Assignment
Each entry must be printed again without a single change.

Listed entries
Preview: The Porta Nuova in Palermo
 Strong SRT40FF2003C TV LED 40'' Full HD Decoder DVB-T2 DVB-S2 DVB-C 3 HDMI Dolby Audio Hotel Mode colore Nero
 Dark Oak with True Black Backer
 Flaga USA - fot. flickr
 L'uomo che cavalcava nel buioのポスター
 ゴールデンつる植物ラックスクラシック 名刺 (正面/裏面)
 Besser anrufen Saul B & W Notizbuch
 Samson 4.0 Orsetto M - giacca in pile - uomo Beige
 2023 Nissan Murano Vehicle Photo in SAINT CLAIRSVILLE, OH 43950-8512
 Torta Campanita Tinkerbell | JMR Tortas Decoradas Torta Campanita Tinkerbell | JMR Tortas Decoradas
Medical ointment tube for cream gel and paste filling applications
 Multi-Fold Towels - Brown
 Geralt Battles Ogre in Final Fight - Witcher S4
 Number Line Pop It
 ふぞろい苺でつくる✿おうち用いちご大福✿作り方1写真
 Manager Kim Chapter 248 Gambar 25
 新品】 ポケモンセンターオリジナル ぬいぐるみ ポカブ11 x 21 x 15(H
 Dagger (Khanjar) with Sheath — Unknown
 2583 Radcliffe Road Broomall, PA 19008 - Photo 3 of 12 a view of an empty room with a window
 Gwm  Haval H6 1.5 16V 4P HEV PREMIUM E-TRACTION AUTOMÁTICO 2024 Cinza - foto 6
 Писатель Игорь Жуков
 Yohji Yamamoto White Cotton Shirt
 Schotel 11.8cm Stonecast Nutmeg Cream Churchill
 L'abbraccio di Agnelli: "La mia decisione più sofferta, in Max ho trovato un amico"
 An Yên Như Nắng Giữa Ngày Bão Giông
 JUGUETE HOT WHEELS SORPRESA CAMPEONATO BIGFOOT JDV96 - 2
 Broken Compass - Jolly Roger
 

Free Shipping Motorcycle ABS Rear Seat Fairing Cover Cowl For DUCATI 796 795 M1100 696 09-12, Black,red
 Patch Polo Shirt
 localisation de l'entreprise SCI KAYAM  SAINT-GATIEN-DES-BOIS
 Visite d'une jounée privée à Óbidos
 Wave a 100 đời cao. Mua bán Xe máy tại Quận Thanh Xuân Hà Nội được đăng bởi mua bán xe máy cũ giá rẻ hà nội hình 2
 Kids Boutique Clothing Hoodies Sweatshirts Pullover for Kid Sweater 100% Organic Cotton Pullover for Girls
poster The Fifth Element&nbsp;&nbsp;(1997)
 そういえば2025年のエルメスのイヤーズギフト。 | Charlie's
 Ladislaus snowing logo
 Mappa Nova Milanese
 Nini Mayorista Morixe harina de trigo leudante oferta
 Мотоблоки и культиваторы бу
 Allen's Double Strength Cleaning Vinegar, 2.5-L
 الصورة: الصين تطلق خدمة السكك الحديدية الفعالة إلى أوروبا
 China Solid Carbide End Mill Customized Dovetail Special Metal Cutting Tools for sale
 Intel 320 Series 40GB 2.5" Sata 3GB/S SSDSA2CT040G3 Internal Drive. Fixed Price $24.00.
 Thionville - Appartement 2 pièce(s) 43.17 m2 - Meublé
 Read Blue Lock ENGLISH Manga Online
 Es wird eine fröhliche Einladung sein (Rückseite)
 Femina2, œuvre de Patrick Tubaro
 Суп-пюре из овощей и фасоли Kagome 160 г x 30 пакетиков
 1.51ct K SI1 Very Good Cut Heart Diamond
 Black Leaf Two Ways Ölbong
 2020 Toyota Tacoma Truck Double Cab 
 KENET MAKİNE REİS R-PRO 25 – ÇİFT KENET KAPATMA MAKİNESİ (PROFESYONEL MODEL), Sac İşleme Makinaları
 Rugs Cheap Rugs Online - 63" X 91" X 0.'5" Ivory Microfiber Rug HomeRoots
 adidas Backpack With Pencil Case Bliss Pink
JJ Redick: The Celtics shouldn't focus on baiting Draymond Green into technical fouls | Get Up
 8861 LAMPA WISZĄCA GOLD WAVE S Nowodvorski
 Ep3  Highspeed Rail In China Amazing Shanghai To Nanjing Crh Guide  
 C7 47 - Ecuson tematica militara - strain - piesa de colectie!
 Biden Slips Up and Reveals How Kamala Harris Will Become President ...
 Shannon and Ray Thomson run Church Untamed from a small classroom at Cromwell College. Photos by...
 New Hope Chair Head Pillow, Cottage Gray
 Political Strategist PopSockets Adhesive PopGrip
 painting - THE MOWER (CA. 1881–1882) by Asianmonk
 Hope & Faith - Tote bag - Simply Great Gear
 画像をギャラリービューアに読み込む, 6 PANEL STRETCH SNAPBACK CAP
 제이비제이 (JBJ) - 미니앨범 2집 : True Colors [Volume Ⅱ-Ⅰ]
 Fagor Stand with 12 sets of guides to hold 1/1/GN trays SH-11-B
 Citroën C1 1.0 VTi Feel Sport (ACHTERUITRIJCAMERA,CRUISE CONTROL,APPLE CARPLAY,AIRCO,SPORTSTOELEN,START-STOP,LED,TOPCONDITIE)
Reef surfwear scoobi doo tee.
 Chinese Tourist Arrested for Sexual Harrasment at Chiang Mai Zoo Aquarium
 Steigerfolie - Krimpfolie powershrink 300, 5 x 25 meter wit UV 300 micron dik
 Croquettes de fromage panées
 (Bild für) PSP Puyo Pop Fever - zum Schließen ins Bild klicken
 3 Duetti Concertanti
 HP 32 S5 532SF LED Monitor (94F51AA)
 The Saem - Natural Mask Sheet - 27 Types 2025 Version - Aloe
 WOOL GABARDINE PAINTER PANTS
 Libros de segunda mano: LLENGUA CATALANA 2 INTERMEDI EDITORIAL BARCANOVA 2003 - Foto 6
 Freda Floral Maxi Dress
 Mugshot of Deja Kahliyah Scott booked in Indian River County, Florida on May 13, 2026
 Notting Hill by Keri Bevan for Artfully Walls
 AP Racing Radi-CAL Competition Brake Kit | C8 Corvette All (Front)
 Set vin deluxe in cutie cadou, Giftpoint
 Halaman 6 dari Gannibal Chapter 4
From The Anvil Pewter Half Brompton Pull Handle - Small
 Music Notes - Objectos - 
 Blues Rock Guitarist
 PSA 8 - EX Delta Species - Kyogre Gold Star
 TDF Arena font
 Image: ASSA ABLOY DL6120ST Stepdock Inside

Answer to this problem
Preview: The Porta Nuova in Palermo
 Strong SRT40FF2003C TV LED 40'' Full HD Decoder DVB-T2 DVB-S2 DVB-C 3 HDMI Dolby Audio Hotel Mode colore Nero
 Dark Oak with True Black Backer
 Flaga USA - fot. flickr
 L'uomo che cavalcava nel buioのポスター
 ゴールデンつる植物ラックスクラシック 名刺 (正面/裏面)
 Besser anrufen Saul B & W Notizbuch
 Samson 4.0 Orsetto M - giacca in pile - uomo Beige
 2023 Nissan Murano Vehicle Photo in SAINT CLAIRSVILLE, OH 43950-8512
 Torta Campanita Tinkerbell | JMR Tortas Decoradas Torta Campanita Tinkerbell | JMR Tortas Decoradas
Medical ointment tube for cream gel and paste filling applications
 Multi-Fold Towels - Brown
 Geralt Battles Ogre in Final Fight - Witcher S4
 Number Line Pop It
 ふぞろい苺でつくる✿おうち用いちご大福✿作り方1写真
 Manager Kim Chapter 248 Gambar 25
 新品】 ポケモンセンターオリジナル ぬいぐるみ ポカブ11 x 21 x 15(H
 Dagger (Khanjar) with Sheath — Unknown
 2583 Radcliffe Road Broomall, PA 19008 - Photo 3 of 12 a view of an empty room with a window
 Gwm  Haval H6 1.5 16V 4P HEV PREMIUM E-TRACTION AUTOMÁTICO 2024 Cinza - foto 6
 Писатель Игорь Жуков
 Yohji Yamamoto White Cotton Shirt
 Schotel 11.8cm Stonecast Nutmeg Cream Churchill
 L'abbraccio di Agnelli: "La mia decisione più sofferta, in Max ho trovato un amico"
 An Yên Như Nắng Giữa Ngày Bão Giông
 JUGUETE HOT WHEELS SORPRESA CAMPEONATO BIGFOOT JDV96 - 2
 Broken Compass - Jolly Roger
 

Free Shipping Motorcycle ABS Rear Seat Fairing Cover Cowl For DUCATI 796 795 M1100 696 09-12, Black,red
 Patch Polo Shirt
 localisation de l'entreprise SCI KAYAM  SAINT-GATIEN-DES-BOIS
 Visite d'une jounée privée à Óbidos
 Wave a 100 đời cao. Mua bán Xe máy tại Quận Thanh Xuân Hà Nội được đăng bởi mua bán xe máy cũ giá rẻ hà nội hình 2
 Kids Boutique Clothing Hoodies Sweatshirts Pullover for Kid Sweater 100% Organic Cotton Pullover for Girls
poster The Fifth Element&nbsp;&nbsp;(1997)
 そういえば2025年のエルメスのイヤーズギフト。 | Charlie's
 Ladislaus snowing logo
 Mappa Nova Milanese
 Nini Mayorista Morixe harina de trigo leudante oferta
 Мотоблоки и культиваторы бу
 Allen's Double Strength Cleaning Vinegar, 2.5-L
 الصورة: الصين تطلق خدمة السكك الحديدية الفعالة إلى أوروبا
 China Solid Carbide End Mill Customized Dovetail Special Metal Cutting Tools for sale
 Intel 320 Series 40GB 2.5" Sata 3GB/S SSDSA2CT040G3 Internal Drive. Fixed Price $24.00.
 Thionville - Appartement 2 pièce(s) 43.17 m2 - Meublé
 Read Blue Lock ENGLISH Manga Online
 Es wird eine fröhliche Einladung sein (Rückseite)
 Femina2, œuvre de Patrick Tubaro
 Суп-пюре из овощей и фасоли Kagome 160 г x 30 пакетиков
 1.51ct K SI1 Very Good Cut Heart Diamond
 Black Leaf Two Ways Ölbong
 2020 Toyota Tacoma Truck Double Cab 
 KENET MAKİNE REİS R-PRO 25 – ÇİFT KENET KAPATMA MAKİNESİ (PROFESYONEL MODEL), Sac İşleme Makinaları
 Rugs Cheap Rugs Online - 63" X 91" X 0.'5" Ivory Microfiber Rug HomeRoots
 adidas Backpack With Pencil Case Bliss Pink
JJ Redick: The Celtics shouldn't focus on baiting Draymond Green into technical fouls | Get Up
 8861 LAMPA WISZĄCA GOLD WAVE S Nowodvorski
 Ep3  Highspeed Rail In China Amazing Shanghai To Nanjing Crh Guide  
 C7 47 - Ecuson tematica militara - strain - piesa de colectie!
 Biden Slips Up and Reveals How Kamala Harris Will Become President ...
 Shannon and Ray Thomson run Church Untamed from a small classroom at Cromwell College. Photos by...
 New Hope Chair Head Pillow, Cottage Gray
 Political Strategist PopSockets Adhesive PopGrip
 painting - THE MOWER (CA. 1881–1882) by Asianmonk
 Hope & Faith - Tote bag - Simply Great Gear
 画像をギャラリービューアに読み込む, 6 PANEL STRETCH SNAPBACK CAP
 제이비제이 (JBJ) - 미니앨범 2집 : True Colors [Volume Ⅱ-Ⅰ]
 Fagor Stand with 12 sets of guides to hold 1/1/GN trays SH-11-B
 Citroën C1 1.0 VTi Feel Sport (ACHTERUITRIJCAMERA,CRUISE CONTROL,APPLE CARPLAY,AIRCO,SPORTSTOELEN,START-STOP,LED,TOPCONDITIE)
Reef surfwear scoobi doo tee.
 Chinese Tourist Arrested for Sexual Harrasment at Chiang Mai Zoo Aquarium
 Steigerfolie - Krimpfolie powershrink 300, 5 x 25 meter wit UV 300 micron dik
 Croquettes de fromage panées
 (Bild für) PSP Puyo Pop Fever - zum Schließen ins Bild klicken
 3 Duetti Concertanti
 HP 32 S5 532SF LED Monitor (94F51AA)
 The Saem - Natural Mask Sheet - 27 Types 2025 Version - Aloe
 WOOL GABARDINE PAINTER PANTS
 Libros de segunda mano: LLENGUA CATALANA 2 INTERMEDI EDITORIAL BARCANOVA 2003 - Foto 6
 Freda Floral Maxi Dress
 Mugshot of Deja Kahliyah Scott booked in Indian River County, Florida on May 13, 2026
 Notting Hill by Keri Bevan for Artfully Walls
 AP Racing Radi-CAL Competition Brake Kit | C8 Corvette All (Front)
 Set vin deluxe in cutie cadou, Giftpoint
 Halaman 6 dari Gannibal Chapter 4
From The Anvil Pewter Half Brompton Pull Handle - Small
 Music Notes - Objectos - 
 Blues Rock Guitarist
 PSA 8 - EX Delta Species - Kyogre Gold Star
 TDF Arena font
 Image: ASSA ABLOY DL6120ST Stepdock Inside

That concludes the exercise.